### EECS 495: Optimization Techniques for Machine Learning and Deep Learning
Homework 1: Chapter 2 Assignments (2.3, 2.4, 2.9)

Northwestern University - Fall 2018 

Problem 2.3 - Implement random search to minimize: 

$$ g(w_0, w_1) = \tanh(4w_{0}+4w_1)+\max(0.4w_0^2,1)+1$$

Using the conditions: P = 1000 directions, $\alpha$ = 1, up to 8 steps, and initial point $w^0 = \begin{bmatrix} 2 \\ 2\end{bmatrix}$. 

In [155]:
#Problem 2.3 - Implement random search
import numpy as np
import matplotlib as mpl

#Lists to store past values 
weights_past = []
evals_past = []

#Variable inits
alpha = 1
w_0 = np.array([2,2])
P = 1000
num_steps = 8

#Define g
def g(w):
    return np.tanh(4*w[0]+4*w[1])+np.max([0.4*w[0]**2,1])+1

#Define a helper function for generating random unit vectors of some length
#Credit to Stack Overflow for this function: https://stackoverflow.com/questions/6283080/random-unit-vector-in-multi-dimensional-space
#I started programming this...but thieir top solution was so elegant... 
def rand_unit_vec(len):
    #np.random.rand(1)[0] is centered about [0,1) shift down by 0.5 and multiply by 2 to center about [-1,1)
    #Otherwise, you will spend hours wondering why your function only ever increases
    vec = [(np.random.rand(1)[0]-0.5)*2 for i in range(0,len)]
    mag = sum(x*x for x in vec)**0.5
    return np.transpose([x/mag for x in vec])

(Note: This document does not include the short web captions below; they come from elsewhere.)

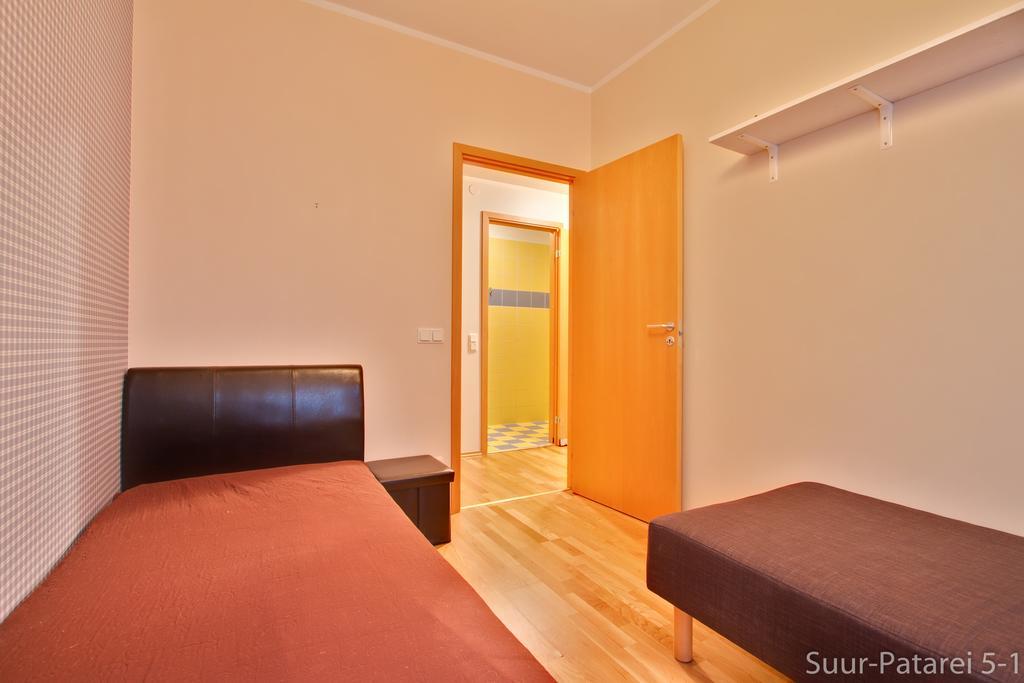 Daily Apartments - Ilmarine/Port ทาลลินน์ ภายนอก รูปภาพ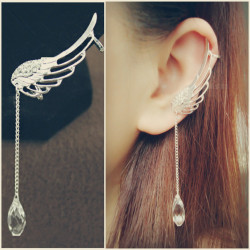 tbdressfashion:  stylish earrings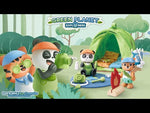 Eco-Camping Playset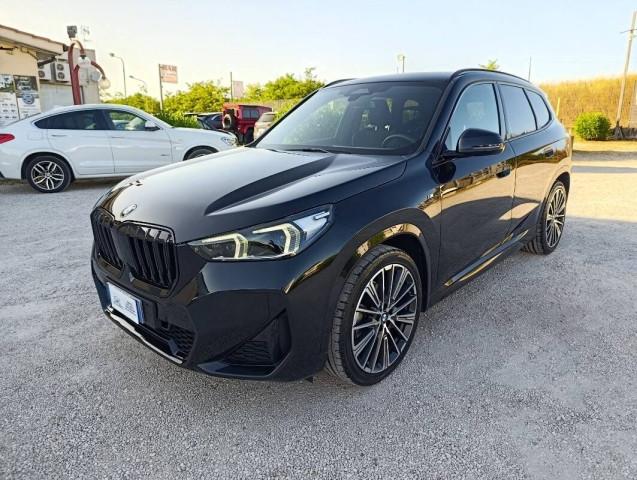 BMW X1 Sdrive18d MSport GARANZIA BMW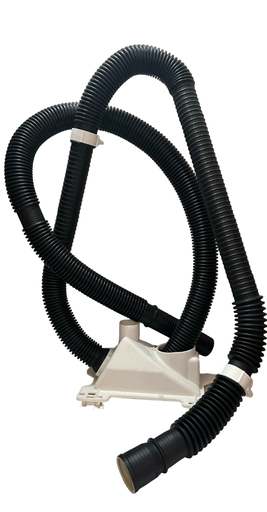 [AN90645X] MANGUERA DRENAJE COMPLETA LAVADORA WHIRLPOOL WPW10096921 CKD90645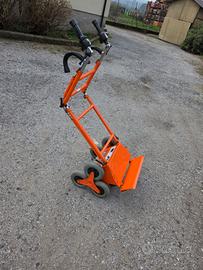Carrello MARIO SSN SENIOR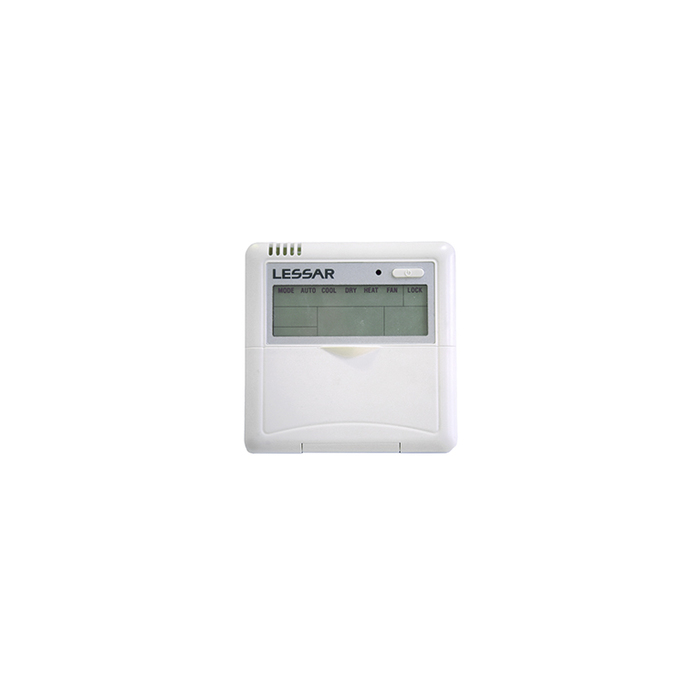 Проводной пульт управления Lessar LZ-UPW4F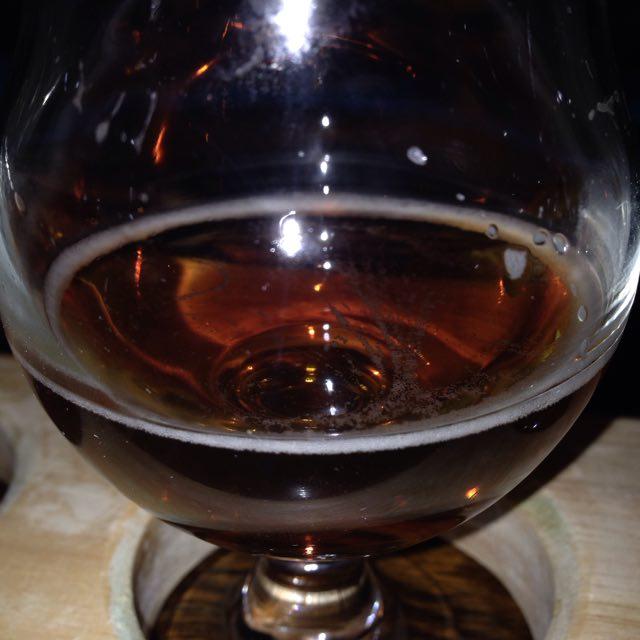 Arkell Best Bitter 4.0%, Wellington Brewery, Canada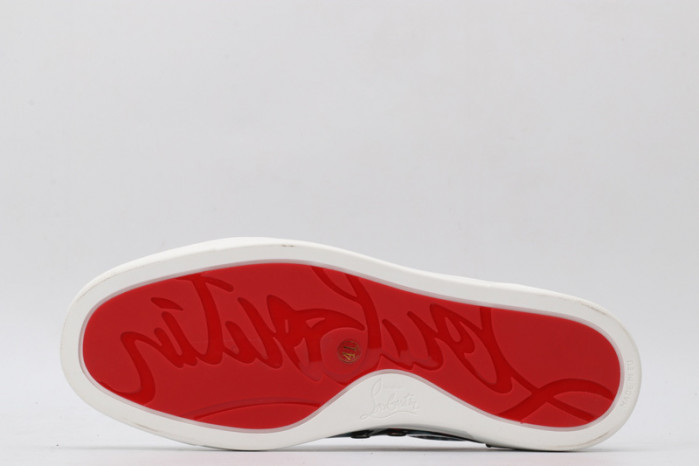 Ch**an loubout1n customize shoes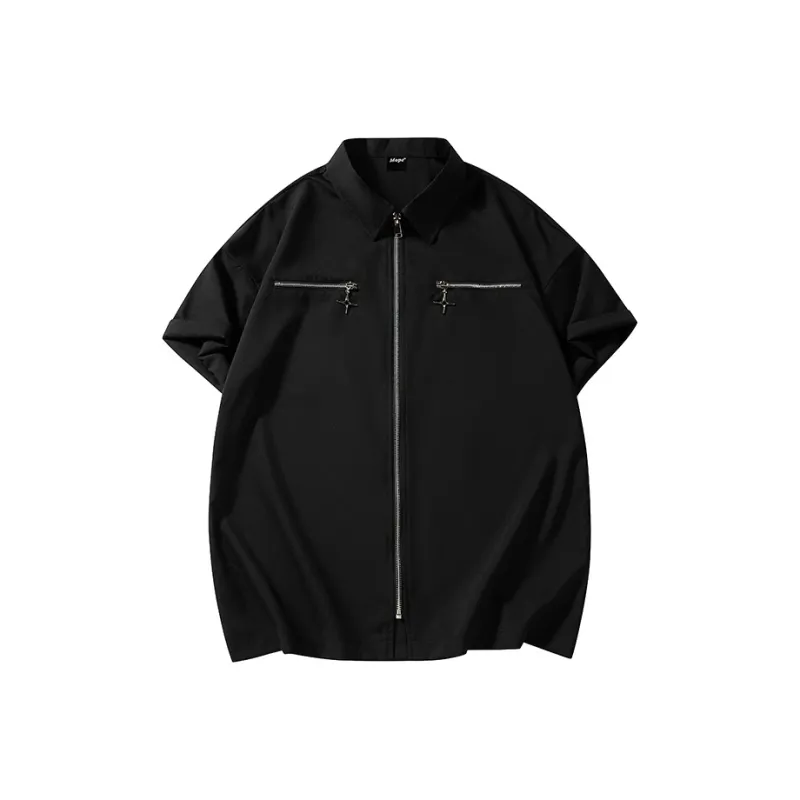 MOPE Shirts Unisex-0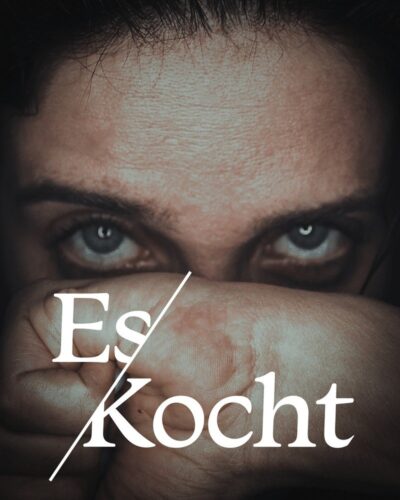 Es Kocht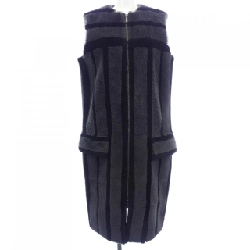 【Mã giảm giá】Bottega Veneta BOTTEGA VENETA Áo vest dài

# --- Store initial values ---

#init the weights
w = w_0

#Store the inital values
weights_past.append(w)
evals_past.append(g(w))

# --- Implement random local search ---
for i in range(0, num_steps):
    #init the descent directions for this tep
    dirs = []
    dir_evals = []
    #Compute P descent directions - set the radius of the circle about which we will sample directions to
    # be equal to 1. 
    for j in range(0,P):
        #Generate direction and append
        dirs.append(rand_unit_vec(2))
        
        #Evaluate at generated dir and append
        dir_evals.append(g(w+dirs[j]))
    
    #Select the smallest descent direction
    idx_sm = dir_evals.index(np.min(dir_evals))
    
    #Pull that direction
    dir_sm = dirs[idx_sm]

    #Check if the step + the current pos minimizes the function
    if(g(w+dir_sm) < g(w)): 
        #Take descent step
        w = w+alpha*dir_sm
    
        #Store the step and eval at that step
        weights_past.append(w)
        evals_past.append(g(w))
   
print('Starting Points:') 
print('W_0:', w_0)
print('g(w_0) = ',g(w_0))
print()
print('Ending Points:')
print('W_final:', weights_past[7])
print('g(W_final) = ',g(weights_past[7]))

Starting Points:
W_0: [2 2]
g(w_0) =  3.5999999999999748

Ending Points:
W_final: [-1.56808444 -3.52533699]
g(W_final) =  1.0


$\textbf{Lesson Learned:}$ if $\vec{w}$ is constantly increasing, then it's probably centered about $[0,1)$, bounding $w_1 \times w_2$ to the $1^{st}$ quadrant in a 2D carteasian space. This will mean that $\vec{w}$ can only increase in magnitude and you'll *never* converge. To fix this and save four hours of debugging, the random function should follow $rand \in [-1,1)$ which is found by $2*(rand - 0.5)$.